Christopher Nolan, 2006 (États-Unis)
Pour servir le récit d’une concurrence entre illusionnistes, Le prestige emploie deux trucs de scénaristes qui forment antinomie*. D’un côté, une astuce usée par des raconteurs fatigués, le recours à un jumeau ignoré (Les rivières pourpres, Kassovitz, 2003, par exemple), de l’autre, un artefact aussi vieux que le cinéma, l’invention de doubles (ce dans quoi Méliès était passé maître : Un homme de têtes, 1898, L’homme orchestre, 1900, Les cartes vivantes, 1905…). Ainsi, Alfred Borden (Christian Bale) a un jumeau qui se dissimule derrière grimage et postiche, et Robert Angier (Hugh Jackman), lui, se dédouble ad libitum grâce à la machine fabuleuse de l’ingénieur Tesla (David Bowie, androgyne ou vampire, autre prince de la transformation)**. Alors que le spectateur envisage la gémellité dès qu’il s’agit de rendre possible des actes qu’une personne seule ne pourrait accomplir (se retrouver en deux endroits différents au même instant, « L’homme transporté »), il écarte en revanche l’explication de la multiplication des êtres par artifice parce qu’elle défie l’entendement. Dans une telle histoire, où tout nous pousse à rester cartésien (jumeau, sosie, déguisement), le coup de maître de Nolan est justement de nous amener finalement en plein fantastique (troisième temps du tour de magie, « le prestige »). Comme Georges Méliès jadis (un contemporain des magiciens Borden et Angier), le cinéaste britannique nous incite à croire réalisable ce qui ne l’est pas, et cela malgré les maladroites supercheries qui ont précédé. L’antinomie se trouve là, entre grossièreté et hardiesse de mise en scène, viles et nobles références, prétextes éculés et procédure d’illusion toute cinématographique.

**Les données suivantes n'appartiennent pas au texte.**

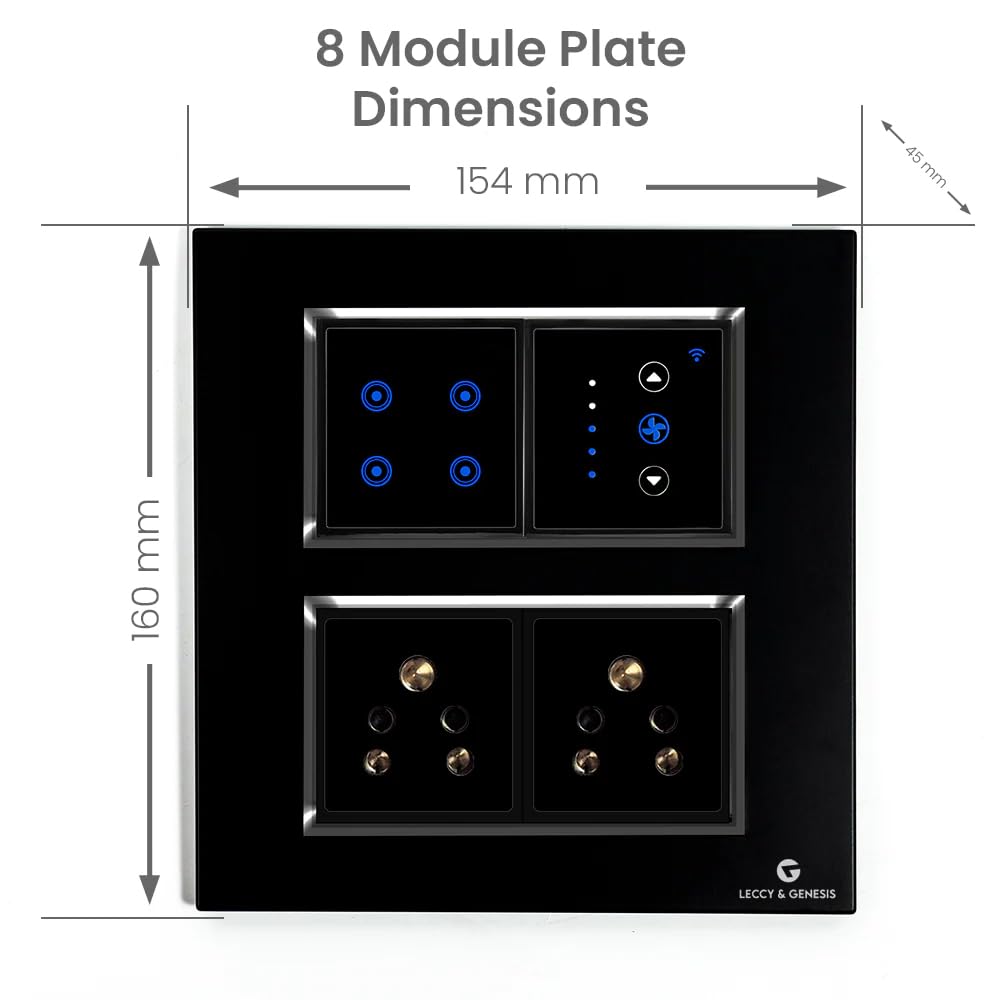 L&G 8 Modular Smart Switch Board | 2 Smart Switch Control, 1 Smart Fan Regulator, 2 Socket (Size: 8M Square- 154 x 160 x 45 mm) 3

Comme Memento (2000) et Inception (2010), le montage entremêle des temps variés et le récit se déplie en torsades vertigineuses (flash-backs, mise en abime, la lecture d’un journal à travers la lecture d’un journal). Mais à la fois Jekyll et Hyde, Nolan manipule le spectateur d’une manière qui n’est plus tout à fait plaisante. Le cinéaste manque de construire son métrage comme un véritable tour de magie ; si « la promesse » et « le prestige » nous ont séduits, « le tour » un peu long a manqué de clarté et déséquilibre l’ensemble. Comme un mauvais public de foire, nous aurions alors tendance à nous dresser contre les situations défraîchies sans toutefois manquer de ravissement lorsque Nolan les retourne.

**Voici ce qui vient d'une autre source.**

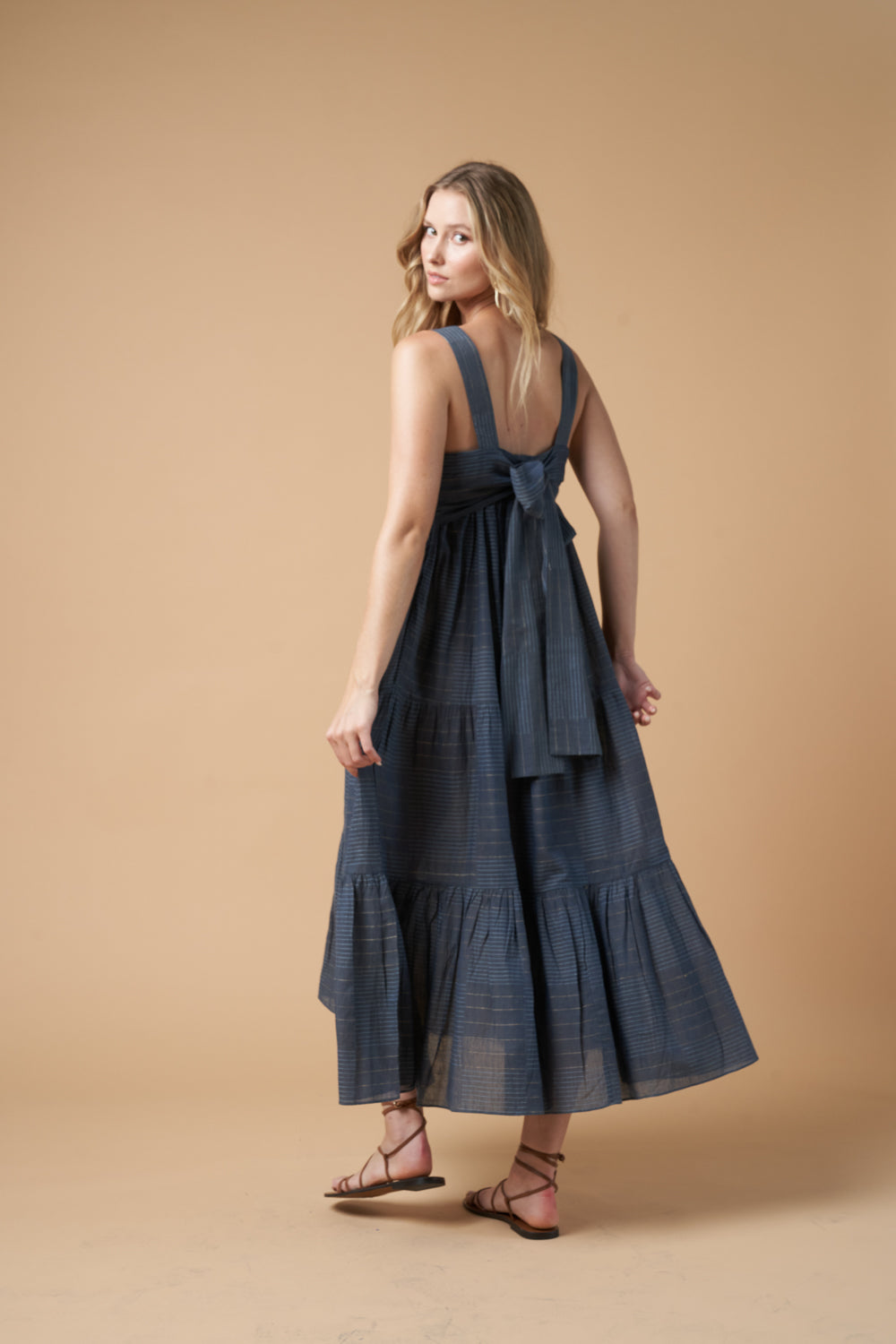 Isabella Jamdani Dress Blue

* Il signe le scénario avec son frère Jonathan Nolan en puisant la matière dans Le prestige de Christopher Priest publié en 1995.
** Scarlett Johansson, Michael Caine, Rebecca Hall et Andy Serkis (tous un peu vides) complètent la distribution grand spectacle.
Je trouve très bien vu le fait que Nolan amène à faire accepter le spectateur, alors en mode cartésien, l’aspect fantastique. C’est vrai que ce point est très réussi. Et ce n’est pas le « tour » que j’ai trouvé laborieux tant la construction en flashbacks est lisible (même si les rôles féminins sont un peu sous-traités) mais c’est bien le « prestige » qui se retrouve avec une partie explicative qui n’était pas nécessaire puisque toutes les clés à la compréhension avaient été données auparavant.
J’ai absolument été bluffé par ce film, je l’ai revu une deuxième fois le lendemain de mon 1er visionnage. Nolan réussit un tour de maître, avec ce duel étrange entre deux show men repoussés jusque dans la folie. J’ai marché à fond.